__Task to carry out__.
For this task, copy the data that follows exactly, keeping every character.

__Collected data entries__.
------------------------------------

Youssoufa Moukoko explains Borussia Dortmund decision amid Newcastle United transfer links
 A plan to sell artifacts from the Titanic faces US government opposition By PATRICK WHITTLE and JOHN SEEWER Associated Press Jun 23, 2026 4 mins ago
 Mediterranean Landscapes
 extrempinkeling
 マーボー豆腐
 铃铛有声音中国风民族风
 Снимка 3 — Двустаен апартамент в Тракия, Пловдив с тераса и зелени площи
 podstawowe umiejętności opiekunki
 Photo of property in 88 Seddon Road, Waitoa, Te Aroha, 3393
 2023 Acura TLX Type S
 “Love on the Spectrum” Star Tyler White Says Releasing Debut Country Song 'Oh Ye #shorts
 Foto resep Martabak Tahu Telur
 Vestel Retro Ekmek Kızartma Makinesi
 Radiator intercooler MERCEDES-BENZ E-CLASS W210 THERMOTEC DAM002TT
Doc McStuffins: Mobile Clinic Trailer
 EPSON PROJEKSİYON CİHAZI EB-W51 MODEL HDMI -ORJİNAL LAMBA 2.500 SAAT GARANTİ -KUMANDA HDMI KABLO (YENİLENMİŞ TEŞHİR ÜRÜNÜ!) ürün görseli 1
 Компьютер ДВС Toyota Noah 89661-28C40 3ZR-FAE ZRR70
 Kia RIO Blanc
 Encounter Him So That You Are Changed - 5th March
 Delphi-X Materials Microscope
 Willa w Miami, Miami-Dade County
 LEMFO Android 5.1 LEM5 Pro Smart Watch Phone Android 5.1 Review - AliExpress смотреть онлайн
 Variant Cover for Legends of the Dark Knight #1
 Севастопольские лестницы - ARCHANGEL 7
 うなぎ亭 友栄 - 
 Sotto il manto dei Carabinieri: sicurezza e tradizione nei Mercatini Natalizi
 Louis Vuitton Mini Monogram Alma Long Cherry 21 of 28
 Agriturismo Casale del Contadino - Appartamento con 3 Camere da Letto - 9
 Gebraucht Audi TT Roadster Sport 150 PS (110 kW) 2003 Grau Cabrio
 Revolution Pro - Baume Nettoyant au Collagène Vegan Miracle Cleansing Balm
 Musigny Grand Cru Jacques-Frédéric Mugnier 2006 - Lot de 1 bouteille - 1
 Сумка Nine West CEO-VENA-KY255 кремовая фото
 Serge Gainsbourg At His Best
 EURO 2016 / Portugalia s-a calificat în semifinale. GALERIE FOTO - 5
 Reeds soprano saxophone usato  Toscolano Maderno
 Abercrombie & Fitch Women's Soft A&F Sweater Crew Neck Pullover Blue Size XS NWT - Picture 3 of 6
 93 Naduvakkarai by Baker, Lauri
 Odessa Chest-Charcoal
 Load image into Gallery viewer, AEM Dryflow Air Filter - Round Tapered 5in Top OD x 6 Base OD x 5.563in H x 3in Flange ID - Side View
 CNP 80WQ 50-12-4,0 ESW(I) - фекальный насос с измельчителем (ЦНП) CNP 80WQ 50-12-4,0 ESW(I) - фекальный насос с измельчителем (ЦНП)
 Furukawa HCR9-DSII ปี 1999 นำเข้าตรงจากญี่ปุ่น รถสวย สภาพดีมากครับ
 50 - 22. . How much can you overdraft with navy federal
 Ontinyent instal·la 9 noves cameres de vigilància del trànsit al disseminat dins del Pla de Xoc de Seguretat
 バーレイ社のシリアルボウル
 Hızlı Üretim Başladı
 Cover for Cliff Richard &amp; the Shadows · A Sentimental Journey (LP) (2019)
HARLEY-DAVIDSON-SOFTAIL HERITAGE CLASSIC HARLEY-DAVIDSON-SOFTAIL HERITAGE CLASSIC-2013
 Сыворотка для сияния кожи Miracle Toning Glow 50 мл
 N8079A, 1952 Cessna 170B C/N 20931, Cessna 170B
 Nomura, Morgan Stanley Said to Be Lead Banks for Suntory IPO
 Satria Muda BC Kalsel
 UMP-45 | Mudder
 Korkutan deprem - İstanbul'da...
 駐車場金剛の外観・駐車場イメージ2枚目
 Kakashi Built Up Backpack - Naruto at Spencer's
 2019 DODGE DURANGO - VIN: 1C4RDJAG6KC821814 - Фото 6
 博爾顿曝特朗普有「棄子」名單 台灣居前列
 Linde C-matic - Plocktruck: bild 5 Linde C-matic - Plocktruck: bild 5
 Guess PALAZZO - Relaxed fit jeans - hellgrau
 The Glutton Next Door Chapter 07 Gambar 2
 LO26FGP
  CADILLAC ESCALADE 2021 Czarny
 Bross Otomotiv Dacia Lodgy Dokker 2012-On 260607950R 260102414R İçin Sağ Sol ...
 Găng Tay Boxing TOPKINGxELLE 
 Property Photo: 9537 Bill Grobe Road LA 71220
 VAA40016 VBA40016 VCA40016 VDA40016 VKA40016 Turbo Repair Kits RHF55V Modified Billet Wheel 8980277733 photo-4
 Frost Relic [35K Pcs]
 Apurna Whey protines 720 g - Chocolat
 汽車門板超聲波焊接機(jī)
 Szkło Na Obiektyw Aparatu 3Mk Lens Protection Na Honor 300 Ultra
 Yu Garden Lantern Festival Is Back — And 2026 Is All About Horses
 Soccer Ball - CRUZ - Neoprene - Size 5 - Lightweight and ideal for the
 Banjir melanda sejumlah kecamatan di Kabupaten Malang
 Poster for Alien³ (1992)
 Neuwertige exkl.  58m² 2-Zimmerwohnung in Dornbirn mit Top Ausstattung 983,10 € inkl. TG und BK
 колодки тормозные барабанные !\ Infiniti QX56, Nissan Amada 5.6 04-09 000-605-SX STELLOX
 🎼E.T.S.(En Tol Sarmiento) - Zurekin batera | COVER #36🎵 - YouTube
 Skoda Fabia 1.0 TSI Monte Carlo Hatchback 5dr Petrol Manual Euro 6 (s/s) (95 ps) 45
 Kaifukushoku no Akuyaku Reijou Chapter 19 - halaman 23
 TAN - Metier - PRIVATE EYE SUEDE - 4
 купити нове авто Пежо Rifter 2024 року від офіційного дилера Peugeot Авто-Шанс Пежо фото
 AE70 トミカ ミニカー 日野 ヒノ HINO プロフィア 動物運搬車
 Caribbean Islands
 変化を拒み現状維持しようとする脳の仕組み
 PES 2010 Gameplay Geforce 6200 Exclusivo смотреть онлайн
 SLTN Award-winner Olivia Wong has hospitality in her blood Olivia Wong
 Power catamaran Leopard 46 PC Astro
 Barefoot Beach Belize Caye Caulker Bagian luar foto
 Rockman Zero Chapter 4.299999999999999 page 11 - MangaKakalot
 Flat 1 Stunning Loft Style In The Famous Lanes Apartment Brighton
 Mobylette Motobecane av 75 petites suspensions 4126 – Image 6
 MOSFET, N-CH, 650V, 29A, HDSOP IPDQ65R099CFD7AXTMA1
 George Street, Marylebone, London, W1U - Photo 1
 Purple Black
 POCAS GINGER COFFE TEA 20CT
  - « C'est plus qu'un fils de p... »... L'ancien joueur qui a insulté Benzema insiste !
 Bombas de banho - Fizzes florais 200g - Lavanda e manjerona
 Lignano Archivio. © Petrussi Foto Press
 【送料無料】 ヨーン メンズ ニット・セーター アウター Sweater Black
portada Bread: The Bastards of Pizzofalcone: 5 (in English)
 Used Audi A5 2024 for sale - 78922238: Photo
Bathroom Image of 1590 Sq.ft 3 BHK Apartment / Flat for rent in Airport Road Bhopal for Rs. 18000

------------------------------------

__The completed task__.
Youssoufa Moukoko explains Borussia Dortmund decision amid Newcastle United transfer links
 A plan to sell artifacts from the Titanic faces US government opposition By PATRICK WHITTLE and JOHN SEEWER Associated Press Jun 23, 2026 4 mins ago
 Mediterranean Landscapes
 extrempinkeling
 マーボー豆腐
 铃铛有声音中国风民族风
 Снимка 3 — Двустаен апартамент в Тракия, Пловдив с тераса и зелени площи
 podstawowe umiejętności opiekunki
 Photo of property in 88 Seddon Road, Waitoa, Te Aroha, 3393
 2023 Acura TLX Type S
 “Love on the Spectrum” Star Tyler White Says Releasing Debut Country Song 'Oh Ye #shorts
 Foto resep Martabak Tahu Telur
 Vestel Retro Ekmek Kızartma Makinesi
 Radiator intercooler MERCEDES-BENZ E-CLASS W210 THERMOTEC DAM002TT
Doc McStuffins: Mobile Clinic Trailer
 EPSON PROJEKSİYON CİHAZI EB-W51 MODEL HDMI -ORJİNAL LAMBA 2.500 SAAT GARANTİ -KUMANDA HDMI KABLO (YENİLENMİŞ TEŞHİR ÜRÜNÜ!) ürün görseli 1
 Компьютер ДВС Toyota Noah 89661-28C40 3ZR-FAE ZRR70
 Kia RIO Blanc
 Encounter Him So That You Are Changed - 5th March
 Delphi-X Materials Microscope
 Willa w Miami, Miami-Dade County
 LEMFO Android 5.1 LEM5 Pro Smart Watch Phone Android 5.1 Review - AliExpress смотреть онлайн
 Variant Cover for Legends of the Dark Knight #1
 Севастопольские лестницы - ARCHANGEL 7
 うなぎ亭 友栄 - 
 Sotto il manto dei Carabinieri: sicurezza e tradizione nei Mercatini Natalizi
 Louis Vuitton Mini Monogram Alma Long Cherry 21 of 28
 Agriturismo Casale del Contadino - Appartamento con 3 Camere da Letto - 9
 Gebraucht Audi TT Roadster Sport 150 PS (110 kW) 2003 Grau Cabrio
 Revolution Pro - Baume Nettoyant au Collagène Vegan Miracle Cleansing Balm
 Musigny Grand Cru Jacques-Frédéric Mugnier 2006 - Lot de 1 bouteille - 1
 Сумка Nine West CEO-VENA-KY255 кремовая фото
 Serge Gainsbourg At His Best
 EURO 2016 / Portugalia s-a calificat în semifinale. GALERIE FOTO - 5
 Reeds soprano saxophone usato  Toscolano Maderno
 Abercrombie & Fitch Women's Soft A&F Sweater Crew Neck Pullover Blue Size XS NWT - Picture 3 of 6
 93 Naduvakkarai by Baker, Lauri
 Odessa Chest-Charcoal
 Load image into Gallery viewer, AEM Dryflow Air Filter - Round Tapered 5in Top OD x 6 Base OD x 5.563in H x 3in Flange ID - Side View
 CNP 80WQ 50-12-4,0 ESW(I) - фекальный насос с измельчителем (ЦНП) CNP 80WQ 50-12-4,0 ESW(I) - фекальный насос с измельчителем (ЦНП)
 Furukawa HCR9-DSII ปี 1999 นำเข้าตรงจากญี่ปุ่น รถสวย สภาพดีมากครับ
 50 - 22. . How much can you overdraft with navy federal
 Ontinyent instal·la 9 noves cameres de vigilància del trànsit al disseminat dins del Pla de Xoc de Seguretat
 バーレイ社のシリアルボウル
 Hızlı Üretim Başladı
 Cover for Cliff Richard &amp; the Shadows · A Sentimental Journey (LP) (2019)
HARLEY-DAVIDSON-SOFTAIL HERITAGE CLASSIC HARLEY-DAVIDSON-SOFTAIL HERITAGE CLASSIC-2013
 Сыворотка для сияния кожи Miracle Toning Glow 50 мл
 N8079A, 1952 Cessna 170B C/N 20931, Cessna 170B
 Nomura, Morgan Stanley Said to Be Lead Banks for Suntory IPO
 Satria Muda BC Kalsel
 UMP-45 | Mudder
 Korkutan deprem - İstanbul'da...
 駐車場金剛の外観・駐車場イメージ2枚目
 Kakashi Built Up Backpack - Naruto at Spencer's
 2019 DODGE DURANGO - VIN: 1C4RDJAG6KC821814 - Фото 6
 博爾顿曝特朗普有「棄子」名單 台灣居前列
 Linde C-matic - Plocktruck: bild 5 Linde C-matic - Plocktruck: bild 5
 Guess PALAZZO - Relaxed fit jeans - hellgrau
 The Glutton Next Door Chapter 07 Gambar 2
 LO26FGP
  CADILLAC ESCALADE 2021 Czarny
 Bross Otomotiv Dacia Lodgy Dokker 2012-On 260607950R 260102414R İçin Sağ Sol ...
 Găng Tay Boxing TOPKINGxELLE 
 Property Photo: 9537 Bill Grobe Road LA 71220
 VAA40016 VBA40016 VCA40016 VDA40016 VKA40016 Turbo Repair Kits RHF55V Modified Billet Wheel 8980277733 photo-4
 Frost Relic [35K Pcs]
 Apurna Whey protines 720 g - Chocolat
 汽車門板超聲波焊接機(jī)
 Szkło Na Obiektyw Aparatu 3Mk Lens Protection Na Honor 300 Ultra
 Yu Garden Lantern Festival Is Back — And 2026 Is All About Horses
 Soccer Ball - CRUZ - Neoprene - Size 5 - Lightweight and ideal for the
 Banjir melanda sejumlah kecamatan di Kabupaten Malang
 Poster for Alien³ (1992)
 Neuwertige exkl.  58m² 2-Zimmerwohnung in Dornbirn mit Top Ausstattung 983,10 € inkl. TG und BK
 колодки тормозные барабанные !\ Infiniti QX56, Nissan Amada 5.6 04-09 000-605-SX STELLOX
 🎼E.T.S.(En Tol Sarmiento) - Zurekin batera | COVER #36🎵 - YouTube
 Skoda Fabia 1.0 TSI Monte Carlo Hatchback 5dr Petrol Manual Euro 6 (s/s) (95 ps) 45
 Kaifukushoku no Akuyaku Reijou Chapter 19 - halaman 23
 TAN - Metier - PRIVATE EYE SUEDE - 4
 купити нове авто Пежо Rifter 2024 року від офіційного дилера Peugeot Авто-Шанс Пежо фото
 AE70 トミカ ミニカー 日野 ヒノ HINO プロフィア 動物運搬車
 Caribbean Islands
 変化を拒み現状維持しようとする脳の仕組み
 PES 2010 Gameplay Geforce 6200 Exclusivo смотреть онлайн
 SLTN Award-winner Olivia Wong has hospitality in her blood Olivia Wong
 Power catamaran Leopard 46 PC Astro
 Barefoot Beach Belize Caye Caulker Bagian luar foto
 Rockman Zero Chapter 4.299999999999999 page 11 - MangaKakalot
 Flat 1 Stunning Loft Style In The Famous Lanes Apartment Brighton
 Mobylette Motobecane av 75 petites suspensions 4126 – Image 6
 MOSFET, N-CH, 650V, 29A, HDSOP IPDQ65R099CFD7AXTMA1
 George Street, Marylebone, London, W1U - Photo 1
 Purple Black
 POCAS GINGER COFFE TEA 20CT
  - « C'est plus qu'un fils de p... »... L'ancien joueur qui a insulté Benzema insiste !
 Bombas de banho - Fizzes florais 200g - Lavanda e manjerona
 Lignano Archivio. © Petrussi Foto Press
 【送料無料】 ヨーン メンズ ニット・セーター アウター Sweater Black
portada Bread: The Bastards of Pizzofalcone: 5 (in English)
 Used Audi A5 2024 for sale - 78922238: Photo
Bathroom Image of 1590 Sq.ft 3 BHK Apartment / Flat for rent in Airport Road Bhopal for Rs. 18000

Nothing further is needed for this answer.